Militia chief scorns slaughter charge
Janjaweed leader hits back at accusation of ethnic cleansing in western Sudan

Janjaweed is not a name, it is a curse. To the militia's victims the Arabic word has come to mean devil on horseback, but the chief "devil" accused of bringing devastation to Sudan sits not on horseback but in a plush armchair in his family residence in Khartoum.

Dressed in a crisp white robe and prayer cap, Musa Hilal patted his nephew's head and offered sweet pastries.

"The rebels stayed near civilians and war has its consequences, bullets fly," Mr Hilal, 43, said in his first interview with a British newspaper.

He is alleged to be the most senior field commander of the Janjaweed, the Arab militia whose campaign of murder and rape has driven more than a million black African villagers from their homes in the western region of Darfur.

Witnesses have identified him as the coordinator of attacks in which civilians have been massacred and raped in front of their families, and their villages burned.

Little is known about the horse- and camel-borne militias responsible for what the UN has described as the "world's worst humanitarian crisis". Until now, their leadership has remained secretive.

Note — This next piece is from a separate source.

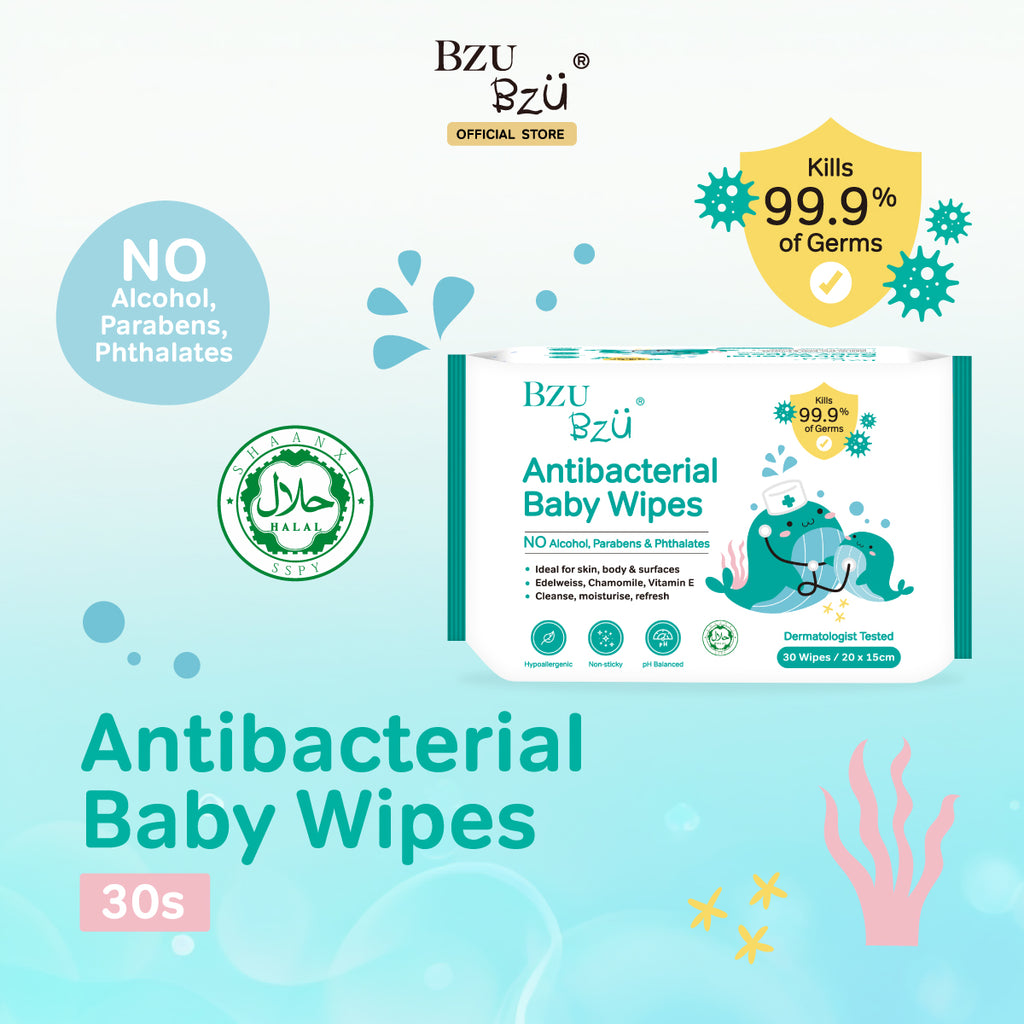 Antibacterial Baby Wipes 30s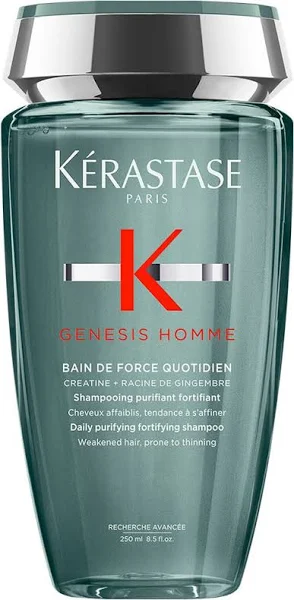 Kerastase Genesis Homme Bain de Force Quotidien Щоденний очищуючий шампунь для ослабленого тонкого волосся 250 мл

Mr Hilal, who heads the US state department's list of suspected war criminals in Darfur, is a tall, athletic man with a neatly trimmed moustache and a piercing stare. He is the chieftain of a camel-herding Arab clan in north Darfur with three wives and 13 children.

Despite intense international pressure on Sudan to rein in the Janjaweed, he told the Guardian his fighters would not disarm until the rebellion in Darfur was over.

"As far as we as a tribe are concerned, whenever we feel the situation is completely secure and the ceasefire is being respected, we will hand in our weapons.

"Whenever the government is undertaking to gather arms from all the factions and the tribes, we will hand ours in. The reality is that this is a country where everyone has weapons."

Mr Hilal, who spoke in classical Arabic, scorned the epithet Janjaweed.

"The people who were armed from among our people, through habit they were on camelback and horseback," he said.

"The rebels spread the word Janjaweed as if it were an organisation. As a political group there is no specific concept called Janjaweed ... It means nothing, but has been used to mean everything."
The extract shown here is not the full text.